▶ **What the task asks**
From the first line to the last, transcribe the data exactly and skip the pictures.

▶ **Data**
***

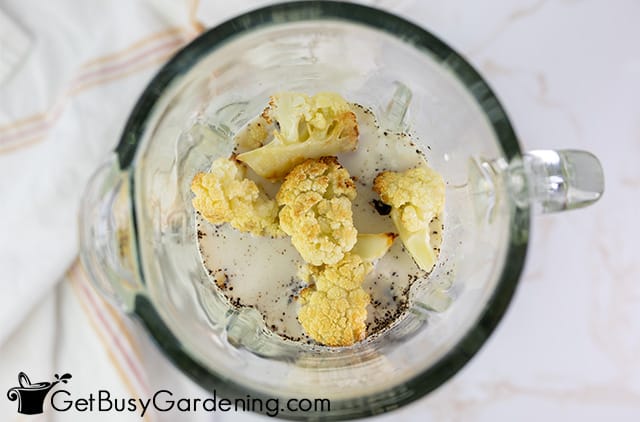 Creating cauliflower puree to thicken healthy potato soup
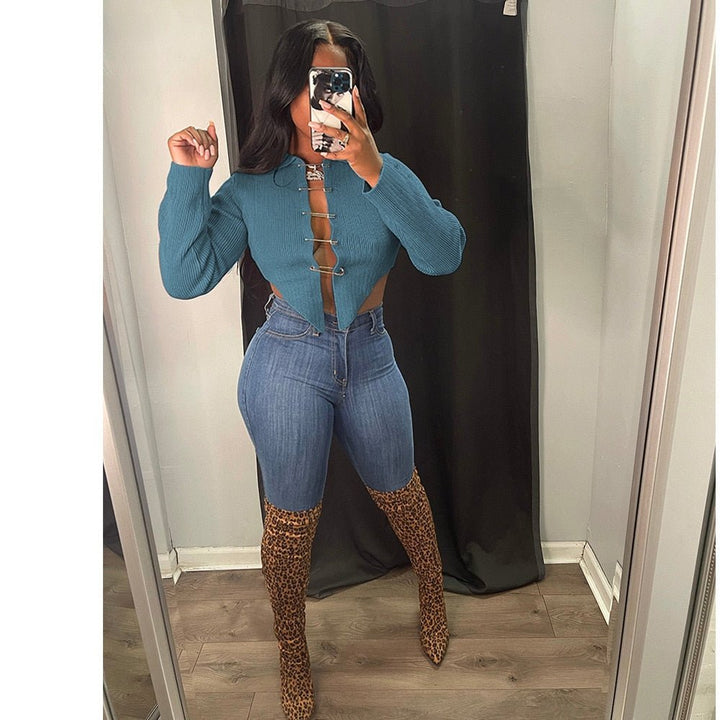 Trendy Asymmetric Knitted Sweater with Collared Neckline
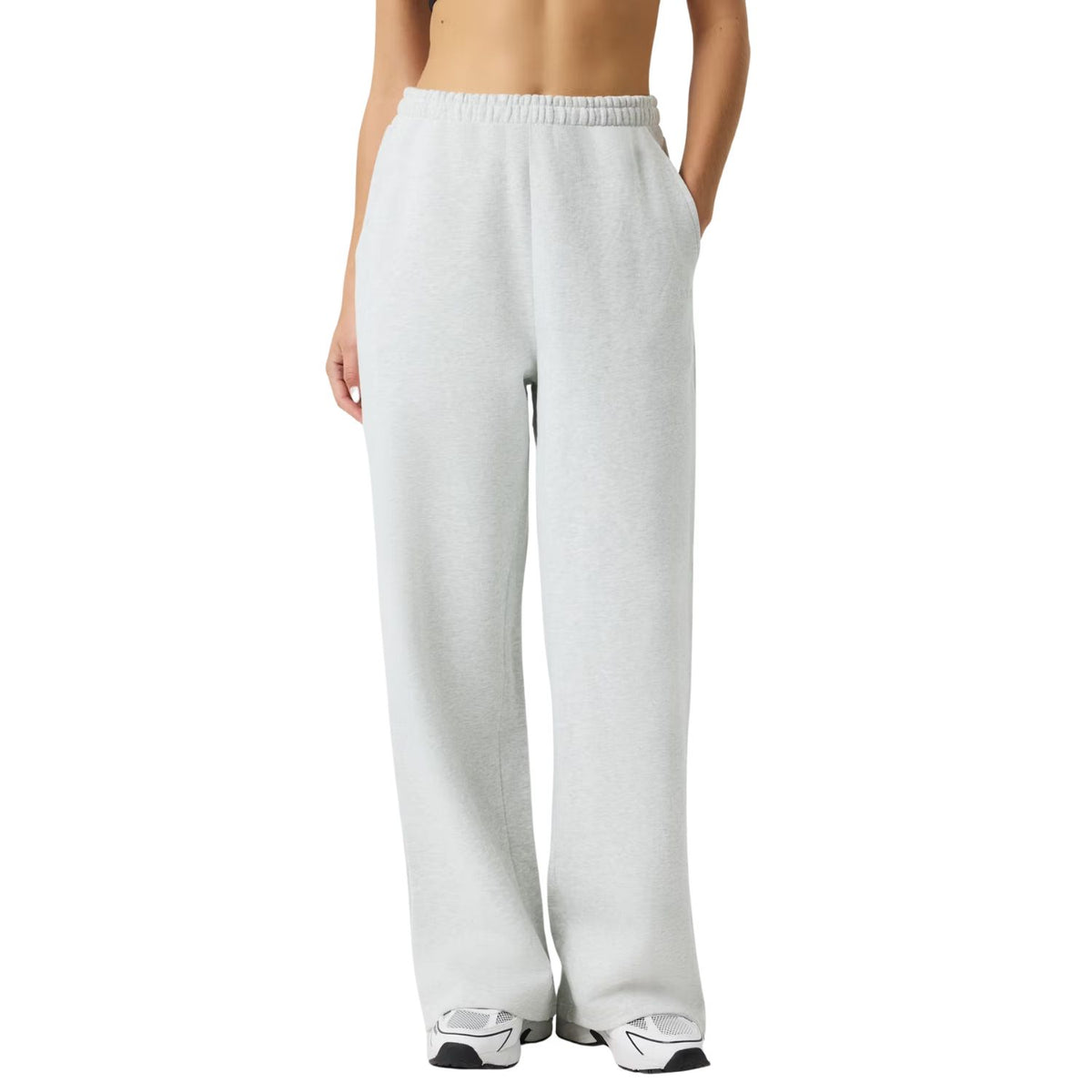 Bjorn Borg Studio oversized sweatpants voor dames in lichtgrijs, vooraanzicht op model
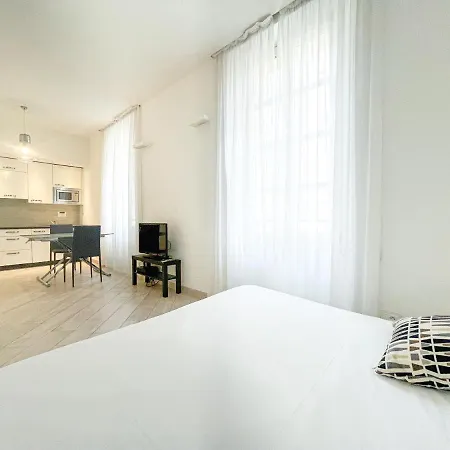 Seventh Apartment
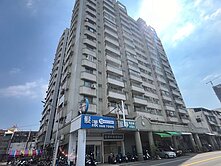 鳳山高中/衛武營3+1房+平車~胡新龍
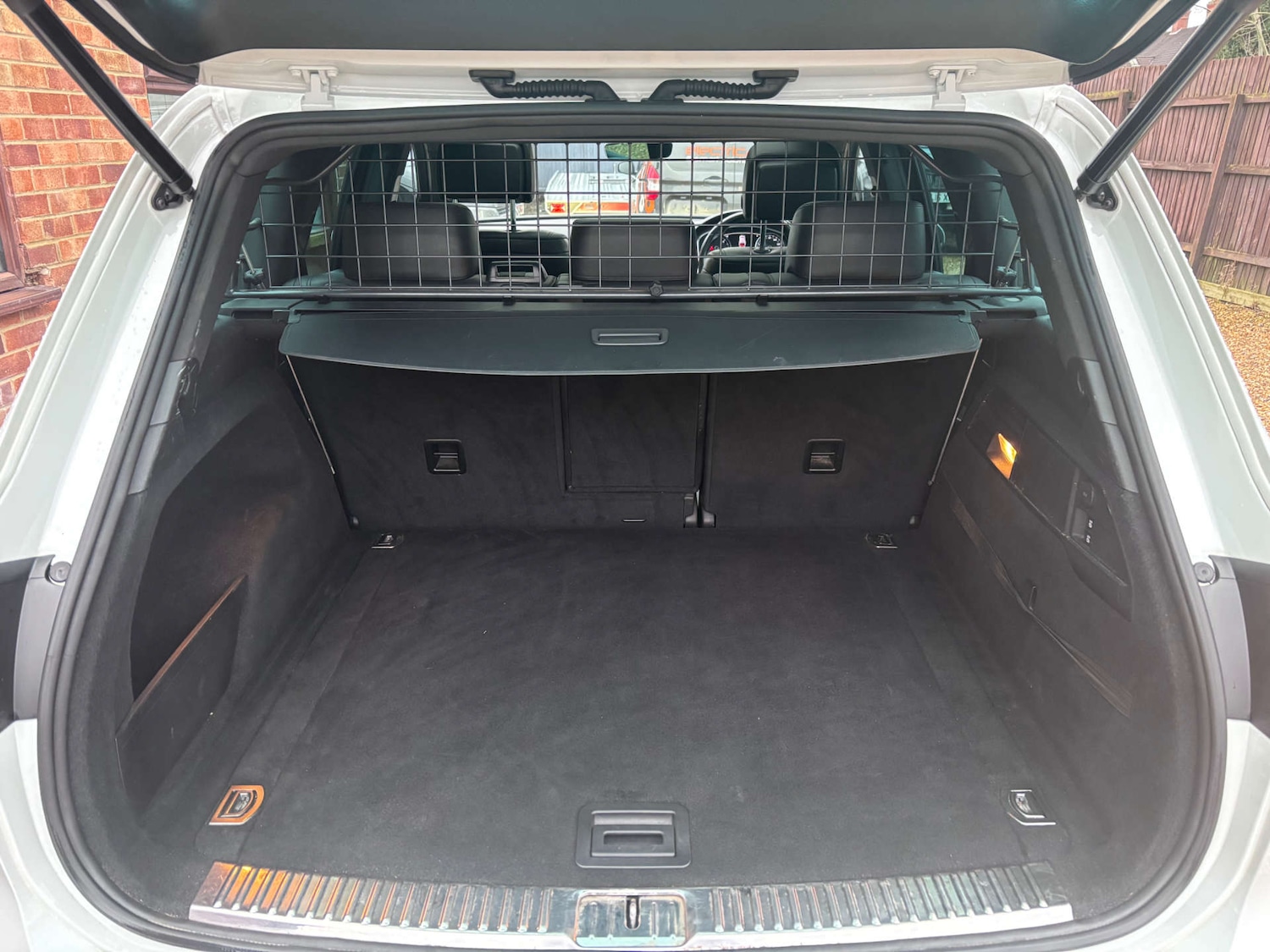 Used Volkswagen Touareg 2016 for sale - 77556761: Photo 21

***

▶ **Solution to this task**
 Creating cauliflower puree to thicken healthy potato soup
 Trendy Asymmetric Knitted Sweater with Collared Neckline
 Bjorn Borg Studio oversized sweatpants voor dames in lichtgrijs, vooraanzicht op model
 Seventh Apartment
 鳳山高中/衛武營3+1房+平車~胡新龍
 Used Volkswagen Touareg 2016 for sale - 77556761: Photo 21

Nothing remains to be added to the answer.